Given entries: Begin

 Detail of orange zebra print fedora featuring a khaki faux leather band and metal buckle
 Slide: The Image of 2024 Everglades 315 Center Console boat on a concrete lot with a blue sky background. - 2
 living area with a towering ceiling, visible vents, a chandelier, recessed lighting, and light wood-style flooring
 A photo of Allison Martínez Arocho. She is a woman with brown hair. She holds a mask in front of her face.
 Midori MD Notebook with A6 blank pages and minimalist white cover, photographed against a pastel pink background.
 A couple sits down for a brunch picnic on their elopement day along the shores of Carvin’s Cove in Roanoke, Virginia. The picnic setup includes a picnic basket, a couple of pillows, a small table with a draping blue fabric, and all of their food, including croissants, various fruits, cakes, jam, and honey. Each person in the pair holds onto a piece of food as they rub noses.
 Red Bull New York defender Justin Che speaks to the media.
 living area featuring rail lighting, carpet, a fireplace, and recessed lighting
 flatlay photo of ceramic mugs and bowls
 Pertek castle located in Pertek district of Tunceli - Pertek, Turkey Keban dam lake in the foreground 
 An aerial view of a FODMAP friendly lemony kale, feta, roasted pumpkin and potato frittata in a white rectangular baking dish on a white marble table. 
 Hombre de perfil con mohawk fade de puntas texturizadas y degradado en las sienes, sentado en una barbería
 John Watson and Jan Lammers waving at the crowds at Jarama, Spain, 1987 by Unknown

Given entries: End

Counting only lines that contain "living", what is the total for the entries above? Give the number alone.

Solution for this task - 2